Cast your mind back to high school for a second. Remember how the people you hung out with usually influenced your grades, your opinions and expectations? Well, we grow up and realize that the same is true in business; by surrounding yourself with innovation and positivity, you have a much better chance of success. And if you want to be optimally successful, you'll contribute to the growth of the people around you, too.

Surviving and thriving in today's business world isn't about getting "your slice of the pie." It's about realizing that there is enough pie for everyone. So instead of working so hard against each other, entrepreneurs are realizing that there is strength in numbers and that the future is becoming increasingly collaborative.

Putting Yourself Out There

The power of strength in numbers is starting to grow momentum and find support in the local business community as well. In 2015, Thumbtack unveiled the results of a nationwide survey that analyzed 18,000 small business owners nationwide.

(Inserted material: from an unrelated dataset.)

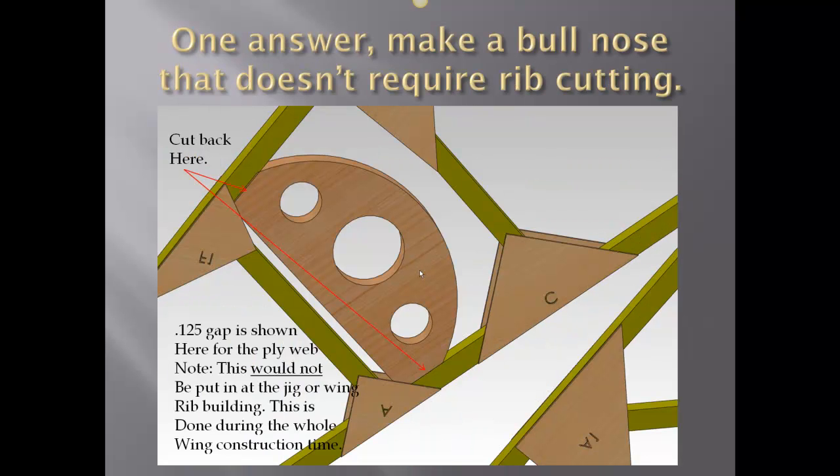Here is the bull nose, cut back a little bit at the top and bottom — it'll fit in like this when all the ribs are on the spars. This is showing a 0.125 gap for the ply web. The bull nose would not be put in at the jig stage; it is put in when all the ribs are on the leading and rear spar. Then the ply goes in, then the bull nose. At this time all of the wing ribs are still 100% intact.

Respondents discussed key issues, such as local tax laws, the regulatory environment and opportunities for training and networking in their area. It turns out that Birmingham, Alabama, ranked top in the nation for millennial entrepreneurs. Dubbed the "Magic City" for its rapid growth during the steel industry boom, Birmingham has become something of a magical incubator for new businesses today.

Recently, established local business, Royal Cup Coffee and Tea collaborated with REV Birmingham, an organization dedicated to business growth to host their first ever S.I.P. (Sharing Inspiring People) event in a local brewery in downtown Birmingham. The event brought together over 250 entrepreneurs, connecting Birmingham's startups and small businesses with larger enterprises and potential investors.

In a social environment, S.I.P united business thought leaders with burgeoning local entrepreneurs, creating opportunities all round. Demonstrating the power of knowledge-sharing and connectivity at work. One local startup, Naughty But Nice Kettle Corn Co., was able to get their product in front of BAM! (Books-A-Million), the second-largest bookstore chain in the United States. Through the S.I.P. event, they struck a deal to launch a test-run of their kettle corn in local BAM! locations - illustrating how much can get done when we make a conscious choice to grow our network.

And as Deon Gordon, Director of Business Growth at REV Birmingham notes: "It shows the power of collaboration and knowledge-sharing between today's entrepreneurs and the innovators of tomorrow."

If you're looking to grow your network - look for events in your area that might attract synergistic attendees. If there aren't any events in your area, think about starting a "Meetup" for entrepreneurs and small business owners. Start small and build. Aligning with even 2 or 3 great contacts can significantly help impact your business.

Identifying and Growing Your "Tribe"

The concept of getting a helping hand on your way up is nothing new; few people can claim 100 percent credit for their own successes. Growing a network is a nurturing process that is, first and foremost, all about adding value to others - bouncing ideas around, sharing information, contacts, and experience. When you invest in others, they invest in you - and that's how solid networks are built.

All over the world, entrepreneurs are creating communities of like-minded people, who may be within the same industry. Not only is it non-threatening, but it's actually proving to be one of the best ways to grow their businesses. For example, Mastermind founder, Ben Simkin, offers a lead generation system whereby participants learn how to implement crucial growth strategies into their businesses.

Having grossed over a billion dollars of sales for himself and his clients, Simkin can't stress the importance of building a network enough. So when he's planning one of his events, he screens participants to ensure they're positive, ethical and willing to help other members.

Simkin says, "We had one girl who wanted to sell her cross-fit product, another member already had done something similar. So he gave her the whole marketing campaign to copy off of. That kind of thing is happening in the group every day."

In the situation of an event - there is a screening process. Treat your own network just like an "event" and be discerning about the people you let into your tribe. You want to make sure you can add value to them and that they can add value to you. It's all downhill the moment things become one sided! Besides, you will be introducing these people to other people in your network, so you want to make sure everyone can benefit. When everyone benefits, they'll naturally want to bring more assets into the network.

Being part of a network and gathering strength in numbers is powerful; working together creates potentially game-changing partnerships and opportunities for up-and-coming entrepreneurs. So, if you've been trying to do this all on your own, it's high time you found your tribe!